Governance directives as input to ITIL

Being a simple soul with only a limited grasp of ITIL, sometimes I'm sure I've missed something obvious. Like when I went looking in the Service Strategy book to find where the overall business plan or organisational strategy informs the service strategy. If IT is your business, if you are an IT service provider company, then I can see SS working. But for an internal service provider, for an IT department, SS reads as if service strategy is developed in isolation from the rest of the organisation, as if we treat the rest of the organisation as a remote customer of services instead of as the same team, from whom we take direction. At what point in SS do we ask the Board? At what point does the corporate executive inject policy? Where do we align with the business strategy?

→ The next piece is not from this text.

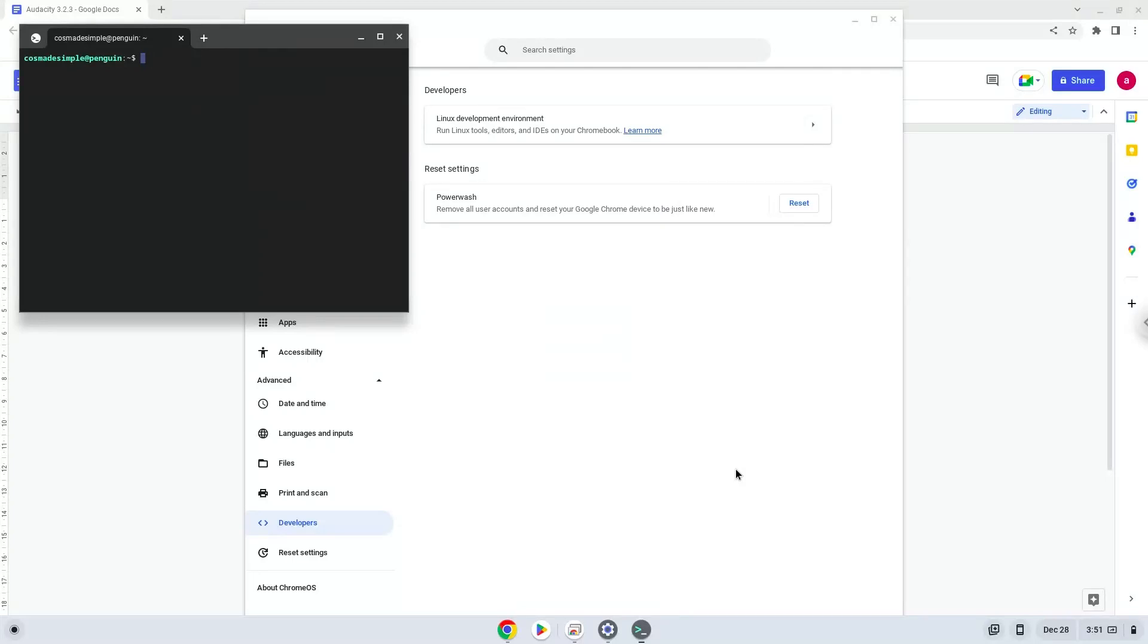Now that we have enabled Linux apps on our system, we will continue to the next step, which is to run several commands in a terminal which will install Audacity. All the commands are in the video description.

Or did I miss something?

Comments

A new poll?

Rob
I think ITSM practitioners can be split in four groups concerning the quality and usefulness of ITIL V3
a) it is great (Castle Itil)
b) it is flawed but good (You)
c) it is flawed and bad (me)
d) all this process stuff is nonsense (the angry Visitor)

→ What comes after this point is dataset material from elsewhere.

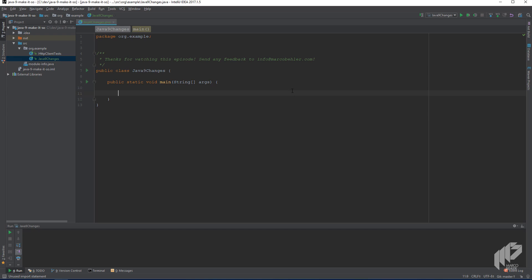In this episode, I'll quickly run you through several language changes that are new in Java 9. And let's start right off with change number one, the way we create collections in Java.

I have considered being in a smalll minority in group c) but I wonder has there been movement to that direction? It looks like we all have found new and deeper flaws and I suppose there must be somewhere a limit. In some sense I'm starting to feel that criticizing ITIL is flogging a dead horse.

This might be an interesting new poll as you have now given the "correct" answer to the current one.

Aale

good or bad

I don't like the good/bad distinction. Bad things can still be useful, like my progressively crumbling lawn mower. I see ITIL as an effective tool that keeps letting me down when bits fall off or are missing. So whether I think it good or bad depends on the last time I used it :)

ITIL is fine as a framework

Gents - There really is no "one single answer" on how to run your IT organization - and in fact all the references(PMBOk, etc) you've made ther are holes.

In my experience ITIL is a great way to frame discussions associated with how to run your organization. There are very few instances of what happens in an IT org that ITIL hasn't somewhat addressed or at least helped defined where it fits in the IT org and Service Lifecycle.

Your discussion that it doesn't take into account the business organization I feel is weak - the tie back to the business is the Serivce Unit - and then the entire Service Design booklet is about getting the Service Reqs of the business to derive the correct IT services to deliver.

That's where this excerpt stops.